No verdict. The primitive does not return a “rebalance worth it” boolean. That’s a function of (cost) vs (projected IL reduction at scenario shocks), and the projection requires assumptions about future price moves the primitive can’t make. Consumers compose this primitive’s cost report with SimulatePriceMove for the benefit side.

from defipy import EvaluateRebalance
from defipy.twin import MockProvider, StateTwinBuilder
provider = MockProvider()
builder = StateTwinBuilder()
lp_v2 = builder.build(provider.snapshot("eth_dai_v2"))

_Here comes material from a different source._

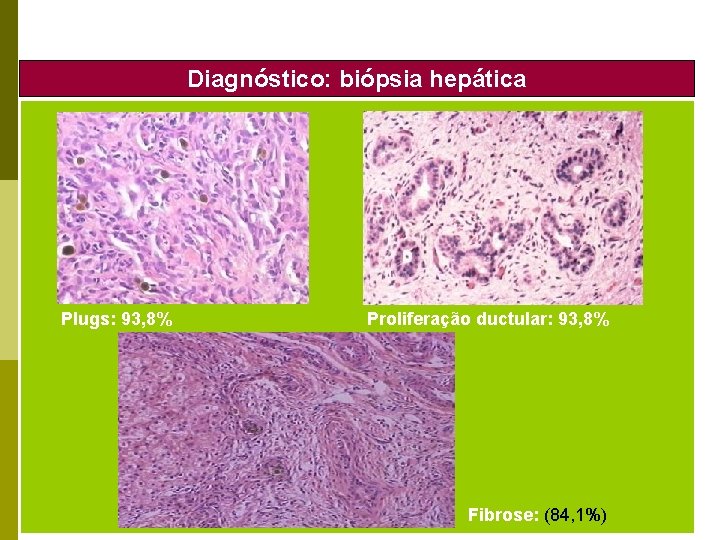 Diagnóstico: biópsia hepática Plugs: 93, 8% Proliferação ductular: 93, 8% Fibrose: (84, 1%)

v2_tokens = lp_v2.factory.token_from_exchange[lp_v2.name]
result = EvaluateRebalance().apply(
lp_v2,
token_out=v2_tokens["DAI"],
position_size_lp=1000.0,
)
print(f"current_value: {result.current_value:.4f}")
print(f"withdrawal_total_out: {result.withdrawal_total_out:.4f}")
print(f"total_slippage_cost: {result.total_slippage_cost:.4f}")
print(f"total_slippage_pct: {result.total_slippage_pct:.6f}")
print(f"expected_lp_tokens_after: {result.expected_lp_tokens_after:.4f}")
print(f"lp_delta: {result.lp_delta:.4f}")
current_value: 20000.0000 withdrawal_total_out: 18975.6927 total_slippage_cost: 2162.4265 total_slippage_pct: 0.108121 expected_lp_tokens_after: 997.0000 lp_delta: -3.0000

A 1000-LP rebalance on this 100k DAI pool costs ~10.8% in slippage and produces ~997 LP after the round-trip — the position shrinks by 3 LP units to friction. Whether 10.8% is acceptable is a function of how much IL the rebalance avoids; this primitive doesn’t decide.